What is needed
Output the data below only from the line containing "2nd image of 1036 Carpinteria Dr" up to and including the line containing "Guess vintage flower pattern heels", exact and with the pictures left out.

Extracted data

━━━━━━━━

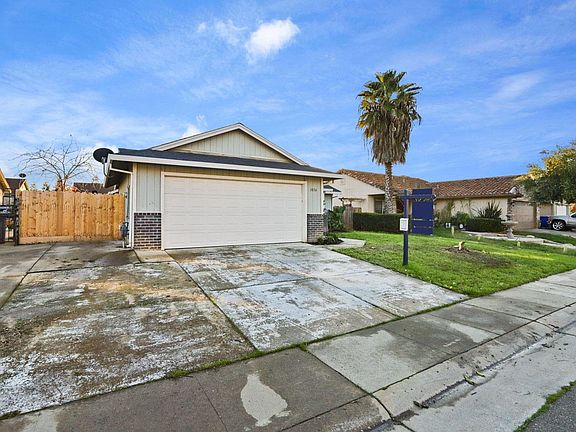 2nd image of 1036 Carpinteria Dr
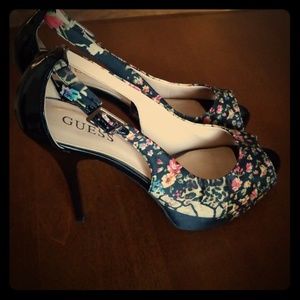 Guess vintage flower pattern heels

━━━━━━━━

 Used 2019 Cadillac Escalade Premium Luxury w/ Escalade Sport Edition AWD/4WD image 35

━━━━━━━━

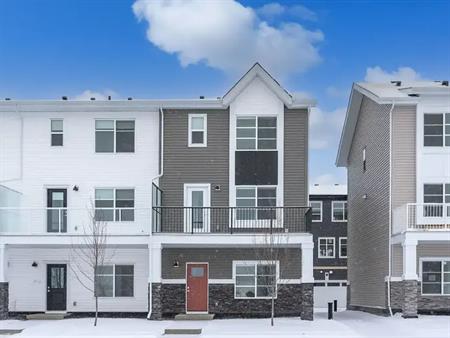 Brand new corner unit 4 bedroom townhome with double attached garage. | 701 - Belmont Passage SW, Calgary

━━━━━━━━

Task response
 2nd image of 1036 Carpinteria Dr
 Guess vintage flower pattern heels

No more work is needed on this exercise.